### Problem description
Every line of the listing below is to be duplicated exactly, with the pictures left out.

### Given information
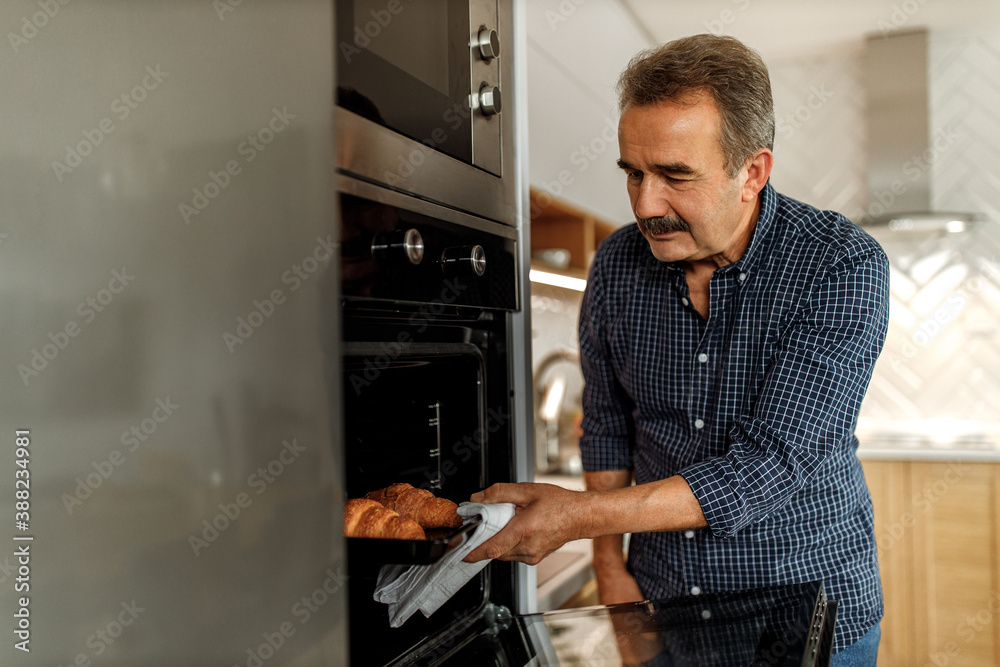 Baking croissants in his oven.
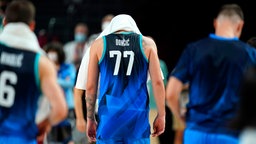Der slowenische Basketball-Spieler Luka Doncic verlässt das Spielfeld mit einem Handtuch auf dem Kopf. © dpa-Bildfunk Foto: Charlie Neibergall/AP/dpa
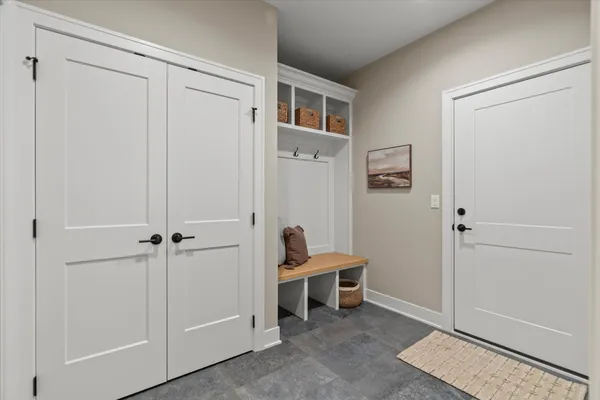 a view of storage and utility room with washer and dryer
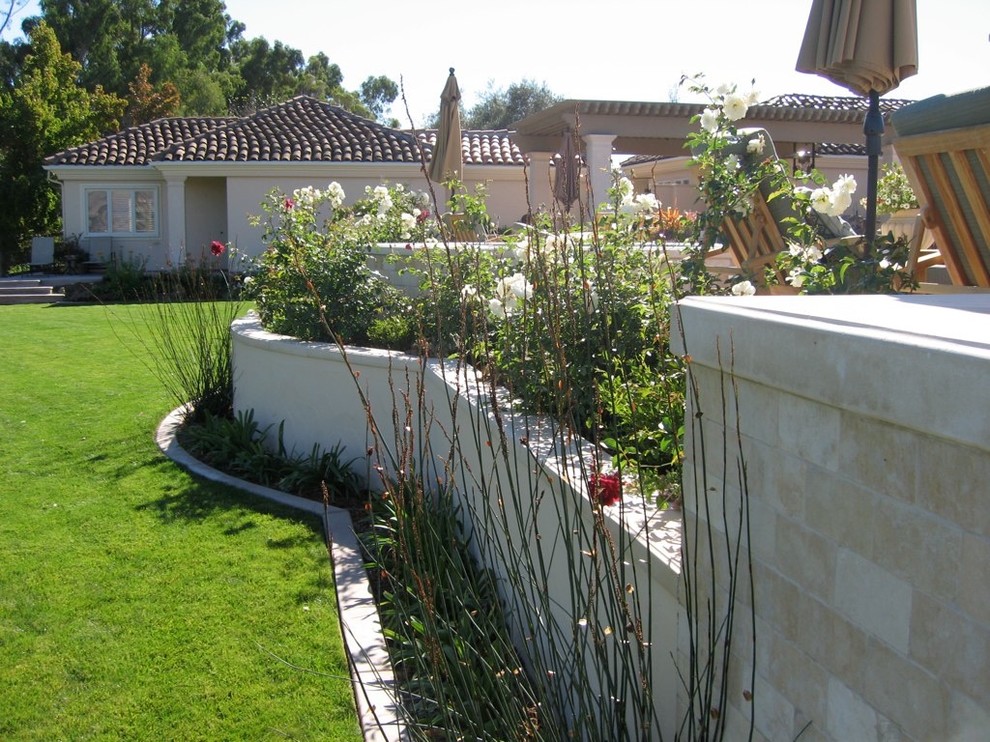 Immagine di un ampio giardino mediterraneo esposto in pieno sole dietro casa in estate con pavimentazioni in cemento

### The answer
 Baking croissants in his oven.
Der slowenische Basketball-Spieler Luka Doncic verlässt das Spielfeld mit einem Handtuch auf dem Kopf. © dpa-Bildfunk Foto: Charlie Neibergall/AP/dpa
 a view of storage and utility room with washer and dryer
 Immagine di un ampio giardino mediterraneo esposto in pieno sole dietro casa in estate con pavimentazioni in cemento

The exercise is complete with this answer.